Mill has a multi-layered approach to caching: every step in the Mill Evaluation Model is cached if possible, re-using prior results rather than computing them from scratch. This helps ensure the overall workflow remains fast even for large projects.

Caching Per Phase

This section will discuss the caching that Mill performs in each phase of Mill’s Evaluation Model:

Compilation

  • If there were changes in build.mill or package.mill files, compilation is done incrementally using the Scala incremental compiler Zinc. Typically, this limits compilation to the .mill files you changed, though the exact about of caching and reuse that occurs may vary depending on the nature of the code change.

  • If no .mill files were changed, this phase is skipped entirely.

Resolution

  • In the common case where the build.mill and package.mill files were not changed - and re-compilation of th .mill files did not occur - any Module objects instantiated during previous resolutions are kept around and re-used.

  • If re-compilation of .mill files did occur due to a code change, then all Module objects are discarded along with their enclosing classloader, and re-instantiated using the latest code

Planning

  • Planning is relatively quick most of the time, and is not currently cached.

Execution

  • Mill Tasks are evaluated in dependency order

  • Default cached Tasks only re-evaluate if their input Tasks have their value change.

  • Persistent Taskss preserve the Task.dest folder on disk between runs, allowing for finer-grained caching than Mill’s default task-by-task caching and invalidation

  • Workers are kept in-memory between runs where possible, and only invalidated if their input Tasks change as well.

  • Tasks in general are invalidated if the code they depend on changes, at a method-level granularity via callgraph reachability analysis. See #2417 for more details

Bootstrapping

  • Mill’s bootstrapping process essentially involves running the four phases above, but for the meta-build rather than the primary build. All the caching techniques described above apply the same for Mill’s bootstrap builds as they do for the primary build.

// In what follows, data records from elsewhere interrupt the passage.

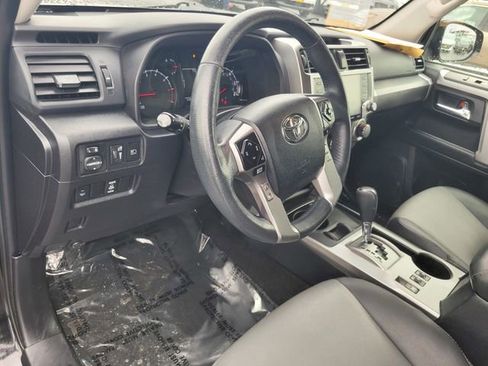 Used 2021 Toyota 4Runner SR5 Premium w/ Moonroof Package RWD image 12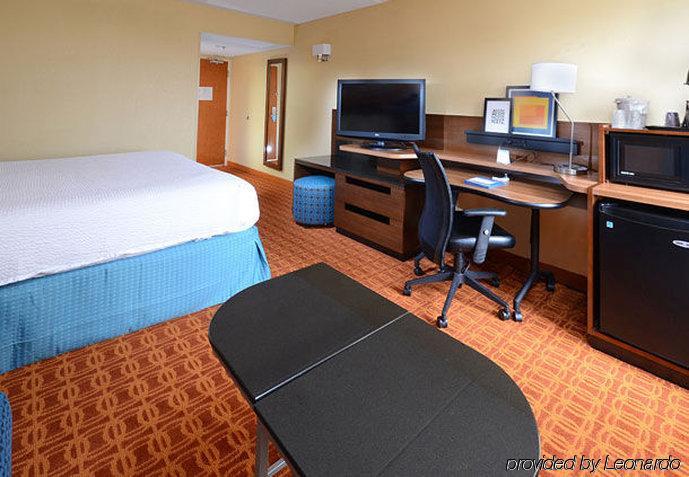 Fairfield Inn And Suites By Marriott Winston Salem/Hanes Exterior photo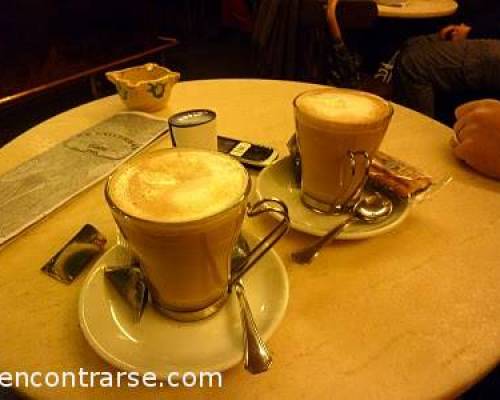 4728 11 2do cafe Itinerante La Diva de Lanus.- 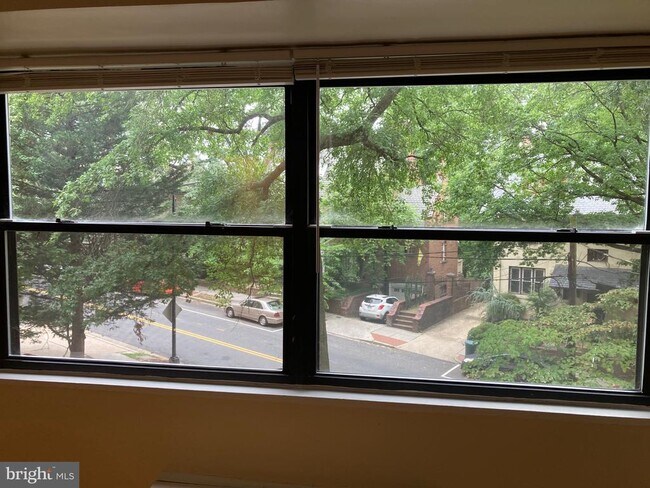 Foto del edificio - 1801 Clydesdale Pl NW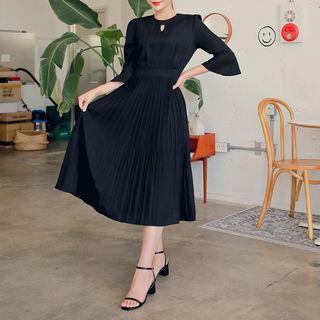 Keyhole Long Accordion-pleat Dress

Debugging Mill Caching Issues

To dig into how Mill’s execution caching, you can look at the following files:

  • mill-profile.json: this file is generated during every Mill evaluation, and contains a "cached": boolean flag for each task indicating whether or not that task was cached.

  • mill-invalidation-tree.json: this file groups together the un-cached files in a tree structure according to their task dependencies. It is useful to find the "root" uncached tasks, which are the cause of downstream tasks having their caches invalidated.

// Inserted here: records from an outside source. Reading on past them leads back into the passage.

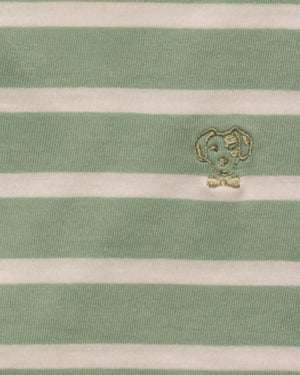 Camiseta antimanchas Rayas Verde Sage marca DANTE tallaje Regular Fit foto logo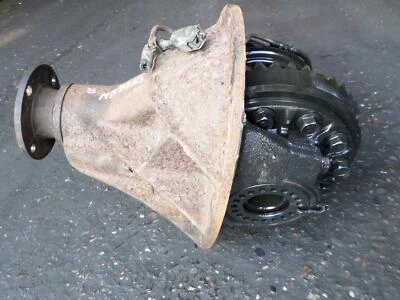 MITSUBISHI SHOGUN MK2 1991 - 1999 REAR AXLE ASSEMBLY ABS 3.5 DOHC 24V AUTOMATIC - Image 1 of 4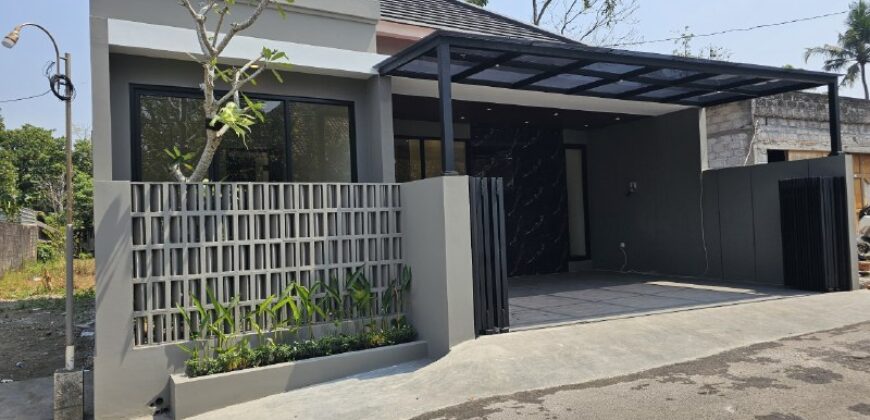 Rumah Dijual Jogja Modern Tropis Dekat PPPG Kesenian Lapangan Klidon dan Kampus UII Jl Kaliurang di Sariharjo Ngaglik Sleman Yogyakarta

  • methodCodeHashSignatures spanningInvalidationTree: this file contains information about tasks whose caches were invalidated due to code changes in the build.mill or package.mill files, and again shows a tree of invalidated method signatures organized into a tree using their call graph dependenceis. This is most useful to figure out why a code change in your .mill files ended up changing some task’s code signature, causing it to miss the cache and be re-computed

Consequences of Caching in Mill

This approach to caching does assume a certain programming style inside your Mill build:

  • Mill may-or-may-not instantiate the modules in your build.mill the first time you run something (due to laziness)

  • Mill may-or-may-not re-instantiate the modules in your build.mill in subsequent runs (due to caching)

  • Mill may-or-may-not re-execute any particular task depending on caching, but your code needs to work either way.

  • Execution of any task may-or-may-not happen in parallel with other unrelated tasks, and may happen in arbitrary order

Your build code code needs to work regardless of which order they are executed in. However, for code written in a typical Scala style (which tends to avoid side effects), and limits filesystem operations to the Task.dest folder, this is not a problem at all.

One thing to note is for code that runs during Resolution: any reading of external mutable state needs to be wrapped in an interp.watchValue{…​} wrapper. This ensures that Mill knows where these external reads are, so that it can check if their value changed and if so re-instantiate RootModule with the new value.